Directions for this task: Two lines in the data below mark the range: the one with "From Pomerol I've" and the one with "17-inch wheels, a". Return both, along with every line between them, exactly.
-- Data extract follows --
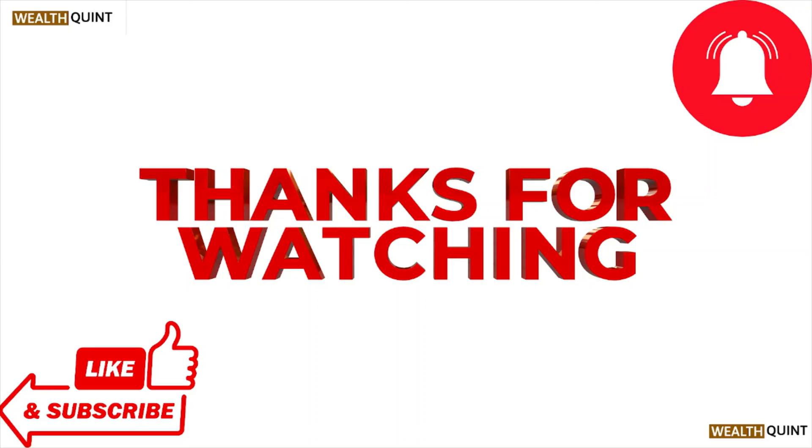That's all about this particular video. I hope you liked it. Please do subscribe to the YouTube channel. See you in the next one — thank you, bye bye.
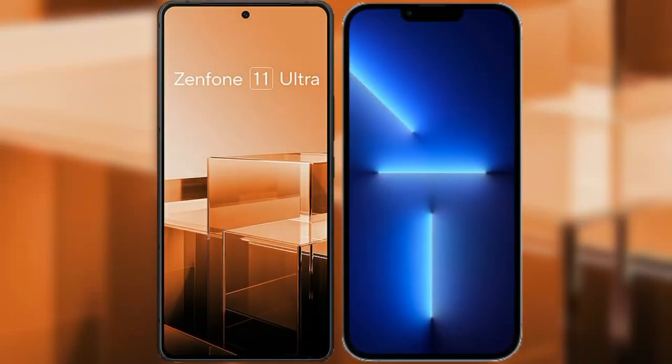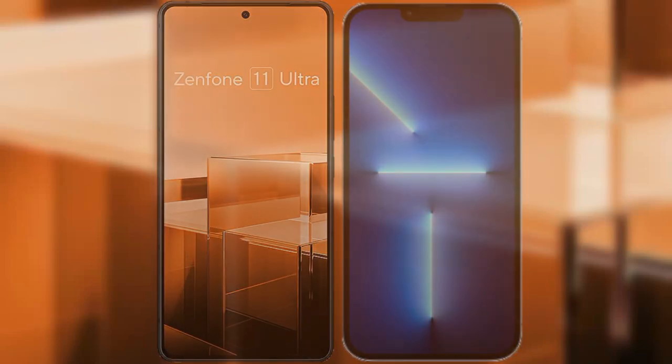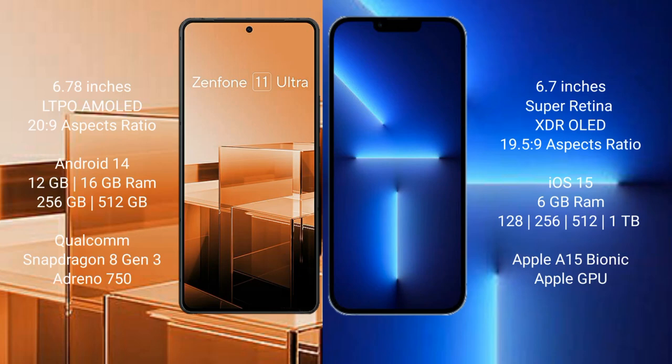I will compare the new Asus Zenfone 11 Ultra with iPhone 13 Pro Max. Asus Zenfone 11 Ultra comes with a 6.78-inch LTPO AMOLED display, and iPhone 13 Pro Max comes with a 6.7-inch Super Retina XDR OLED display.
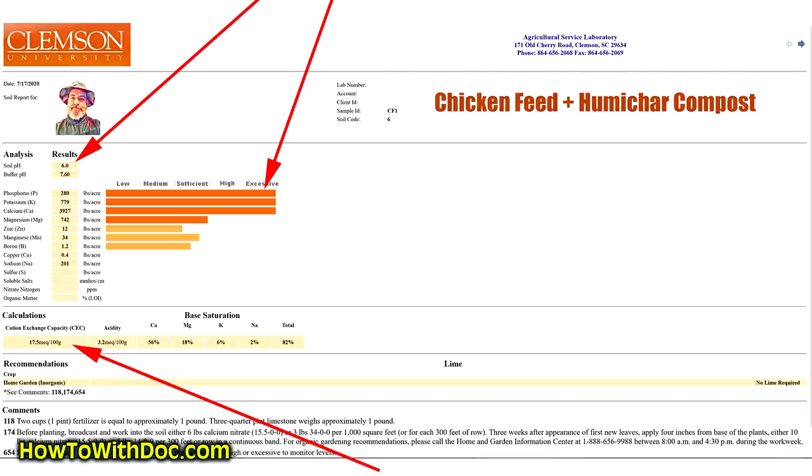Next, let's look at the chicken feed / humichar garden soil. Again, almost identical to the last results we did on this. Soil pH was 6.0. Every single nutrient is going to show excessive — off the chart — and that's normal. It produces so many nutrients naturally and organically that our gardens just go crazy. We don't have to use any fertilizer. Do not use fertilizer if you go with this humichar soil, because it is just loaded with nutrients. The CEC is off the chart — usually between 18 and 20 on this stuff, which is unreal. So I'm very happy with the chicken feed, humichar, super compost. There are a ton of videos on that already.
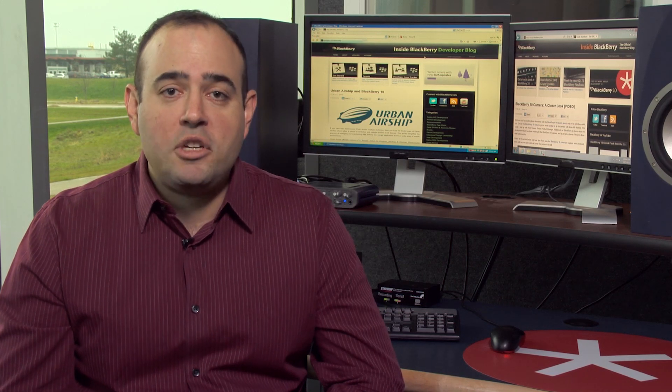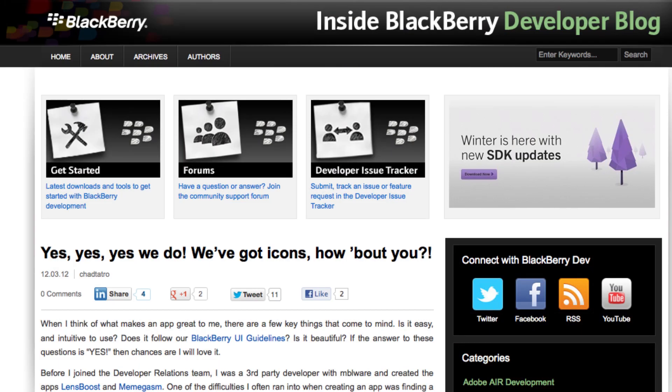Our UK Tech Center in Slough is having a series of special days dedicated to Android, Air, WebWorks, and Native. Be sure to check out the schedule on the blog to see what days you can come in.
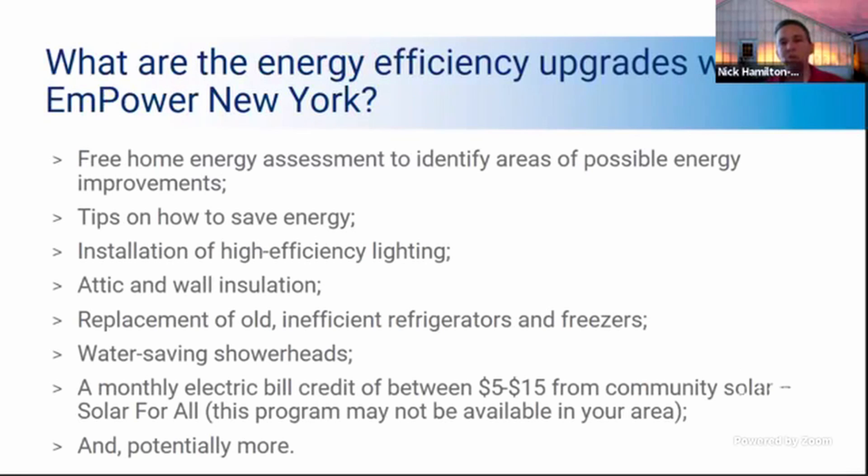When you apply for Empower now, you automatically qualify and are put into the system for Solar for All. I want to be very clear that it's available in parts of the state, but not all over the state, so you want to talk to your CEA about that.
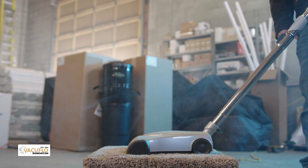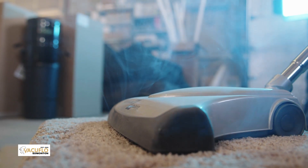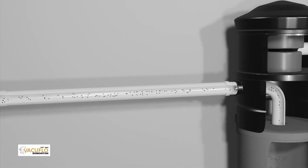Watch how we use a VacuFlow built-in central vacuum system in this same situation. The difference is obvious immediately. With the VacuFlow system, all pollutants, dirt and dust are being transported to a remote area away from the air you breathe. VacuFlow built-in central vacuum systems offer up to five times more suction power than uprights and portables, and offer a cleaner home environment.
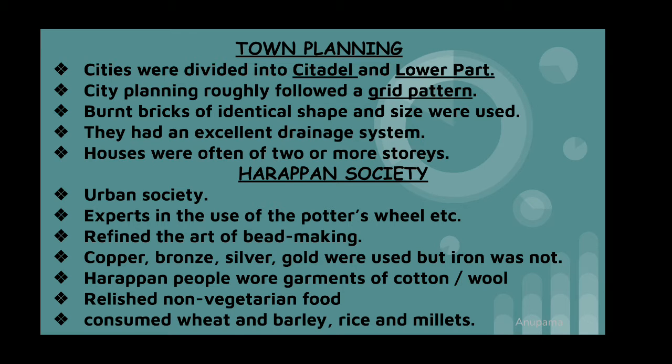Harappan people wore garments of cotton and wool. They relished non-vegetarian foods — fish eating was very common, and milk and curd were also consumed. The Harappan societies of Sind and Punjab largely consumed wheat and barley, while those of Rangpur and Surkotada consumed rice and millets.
-- Data extract concluded --
-- Data extract follows --
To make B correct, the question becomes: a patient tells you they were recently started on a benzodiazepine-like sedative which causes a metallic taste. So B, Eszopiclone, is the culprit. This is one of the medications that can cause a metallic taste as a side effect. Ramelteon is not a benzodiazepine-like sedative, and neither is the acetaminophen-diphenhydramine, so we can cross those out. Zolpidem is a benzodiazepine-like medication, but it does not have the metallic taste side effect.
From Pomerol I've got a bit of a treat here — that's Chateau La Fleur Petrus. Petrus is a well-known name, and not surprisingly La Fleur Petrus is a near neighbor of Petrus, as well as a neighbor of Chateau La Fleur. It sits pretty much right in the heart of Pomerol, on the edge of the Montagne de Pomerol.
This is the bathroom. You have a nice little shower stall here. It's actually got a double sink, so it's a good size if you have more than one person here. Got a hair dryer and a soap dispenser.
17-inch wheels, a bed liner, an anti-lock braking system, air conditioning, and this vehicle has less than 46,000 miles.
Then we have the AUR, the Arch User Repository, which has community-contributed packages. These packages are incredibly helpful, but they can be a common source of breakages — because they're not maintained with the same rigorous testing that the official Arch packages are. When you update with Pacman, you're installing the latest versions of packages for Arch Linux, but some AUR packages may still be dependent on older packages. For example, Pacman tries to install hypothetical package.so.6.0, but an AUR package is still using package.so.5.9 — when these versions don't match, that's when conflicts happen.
-- Data extract concluded --
Completed exercise:
From Pomerol I've got a bit of a treat here — that's Chateau La Fleur Petrus. Petrus is a well-known name, and not surprisingly La Fleur Petrus is a near neighbor of Petrus, as well as a neighbor of Chateau La Fleur. It sits pretty much right in the heart of Pomerol, on the edge of the Montagne de Pomerol.
This is the bathroom. You have a nice little shower stall here. It's actually got a double sink, so it's a good size if you have more than one person here. Got a hair dryer and a soap dispenser.
17-inch wheels, a bed liner, an anti-lock braking system, air conditioning, and this vehicle has less than 46,000 miles.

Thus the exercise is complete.